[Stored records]
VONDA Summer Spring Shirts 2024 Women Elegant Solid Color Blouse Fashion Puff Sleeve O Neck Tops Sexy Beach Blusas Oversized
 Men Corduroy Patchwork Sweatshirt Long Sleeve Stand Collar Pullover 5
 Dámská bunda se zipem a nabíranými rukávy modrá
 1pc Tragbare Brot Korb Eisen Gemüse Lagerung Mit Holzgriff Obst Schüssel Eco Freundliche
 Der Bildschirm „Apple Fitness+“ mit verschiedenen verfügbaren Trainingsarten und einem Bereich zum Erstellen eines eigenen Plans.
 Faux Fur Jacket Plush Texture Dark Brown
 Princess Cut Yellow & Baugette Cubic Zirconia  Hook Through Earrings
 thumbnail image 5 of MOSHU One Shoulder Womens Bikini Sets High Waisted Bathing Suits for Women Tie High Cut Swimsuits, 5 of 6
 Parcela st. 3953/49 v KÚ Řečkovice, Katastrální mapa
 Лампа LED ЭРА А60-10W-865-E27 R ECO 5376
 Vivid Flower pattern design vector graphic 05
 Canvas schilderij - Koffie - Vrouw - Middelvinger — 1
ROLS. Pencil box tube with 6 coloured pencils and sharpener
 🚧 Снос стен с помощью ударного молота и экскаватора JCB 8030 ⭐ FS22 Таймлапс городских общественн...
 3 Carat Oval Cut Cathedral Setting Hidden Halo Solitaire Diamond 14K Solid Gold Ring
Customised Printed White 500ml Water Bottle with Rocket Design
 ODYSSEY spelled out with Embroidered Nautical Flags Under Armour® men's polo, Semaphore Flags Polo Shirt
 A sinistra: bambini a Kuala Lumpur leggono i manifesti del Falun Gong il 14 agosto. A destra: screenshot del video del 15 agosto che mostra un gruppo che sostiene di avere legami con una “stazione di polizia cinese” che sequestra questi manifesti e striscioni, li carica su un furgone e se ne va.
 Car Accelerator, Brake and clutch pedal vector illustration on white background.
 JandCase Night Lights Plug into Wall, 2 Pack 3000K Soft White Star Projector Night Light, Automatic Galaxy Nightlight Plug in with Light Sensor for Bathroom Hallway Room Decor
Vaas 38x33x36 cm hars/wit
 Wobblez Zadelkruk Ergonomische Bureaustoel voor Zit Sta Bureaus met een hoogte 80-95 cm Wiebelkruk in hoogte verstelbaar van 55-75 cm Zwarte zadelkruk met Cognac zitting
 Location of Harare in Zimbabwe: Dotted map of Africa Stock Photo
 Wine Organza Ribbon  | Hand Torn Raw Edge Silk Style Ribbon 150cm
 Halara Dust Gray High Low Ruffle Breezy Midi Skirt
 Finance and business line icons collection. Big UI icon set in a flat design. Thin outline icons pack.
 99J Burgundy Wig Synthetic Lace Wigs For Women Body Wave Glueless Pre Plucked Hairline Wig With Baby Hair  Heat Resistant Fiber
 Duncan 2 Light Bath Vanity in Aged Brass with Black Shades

Problem to solve:
Would you print exactly, and only, the lines of the data above from the line with "1pc Tragbare Brot" through the line with "Princess Cut Yellow", inclusive?

Response:
 1pc Tragbare Brot Korb Eisen Gemüse Lagerung Mit Holzgriff Obst Schüssel Eco Freundliche
 Der Bildschirm „Apple Fitness+“ mit verschiedenen verfügbaren Trainingsarten und einem Bereich zum Erstellen eines eigenen Plans.
 Faux Fur Jacket Plush Texture Dark Brown
 Princess Cut Yellow & Baugette Cubic Zirconia  Hook Through Earrings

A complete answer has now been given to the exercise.